Regardless of the missing association between oral conditions and outcome of induction therapy, dental rehabilitation and prevention remain a topic of high practical relevance. Early dental treatment and preventive special care should be applied within an interdisciplinary model. The integration of specialized dentists within oncologic centers might be a promising and helpful approach for the future to improve the dental care situation of patients with acute leukemia.

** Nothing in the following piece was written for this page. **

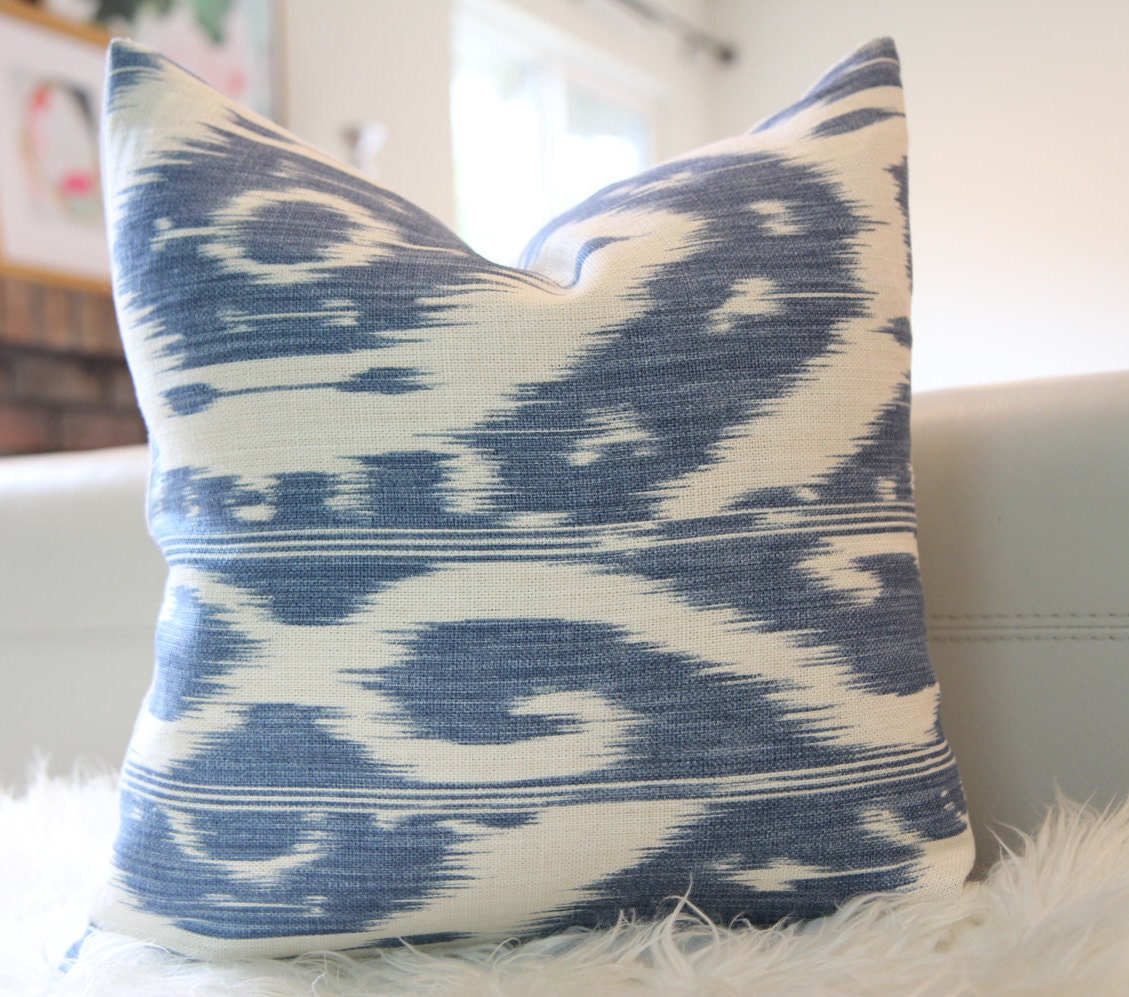 Kura Kura Navy Ikat Pillow 17" × 17"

4.3. Strengths and Limitations

The current clinical study provides a comprehensive assessment of potential associations between dental/periodontal treatment need as well as periodontal inflammation with the initial treatment outcome and occurrence of complications of patients with acute leukemia, which previously underwent a dental clearance. Such data are limited in the literature but of high clinical importance. Nevertheless, there are several limitations to the current study. First, the small sample size is a major limitation. Especially in the subgroups, very small numbers of patients must be mentioned. Thus, the results of this pilot study must be seen as preliminary. Furthermore, design as a retrospective study limits the significance. However, the recruitment of patients with such severe disease is difficult due to their general disease burden. Thereby, based on the low prevalence of oral health related mortality mentioned in the literature [10] a very large cohort and a prospective design would be necessary to draw robust conclusions. Although a previous dental clearance was defined as an inclusion criterion, the content of the dental rehabilitation performed by the patient´s dentist and the presence of remaining foci, e.g., by radiographs, was not checked. Accordingly, sufficient dental clearance can only be assumed but cannot be guaranteed. In general, the definition of treatment need as presence of carious lesions or probing depth ≥3.5 mm is very strict and might include patients with a very small risk of infections. Moreover, the cut-off for the analysis of PISA needs to be mentioned as a limitation. While the analysis was performed by median to ensure subgroups with a balanced sample size, a more clinical oriented categorization depending on the severity of periodontal diseases might provide other results. Thereby, the new classification of periodontal diseases, with a staging and grading matrix and the differentiation between localized and generalized or stable and unstable periodontal conditions, might be of interest, respectively [26]. However, this would also lead to a very small sample size in the subgroups.

5. Conclusions

Within the limitations of this pilot study, dental and periodontal treatment need, as well as periodontal inflammation, is not associated with the outcome of induction therapy in adult patients with acute leukemia. Accordingly, the rehabilitation of dental foci prior to chemotherapy appears sufficient to avoid systemic complications. Because of the high prevalence of remaining treatment need after dental clearance, an individualized and prevention-oriented dental treatment concept should be applied after chemotherapy.

Data Availability

No data were used to support this study.

Conflicts of Interest

The authors declare that there are no conflicts of interest regarding the publication of this paper.

Authors’ Contributions

Gerhard Schmalz and Lulzim Tulani contributed equally as first authors.

Acknowledgments

The authors acknowledge support from the German Research Foundation (DFG) and Leipzig University within the program of Open Access Publishing.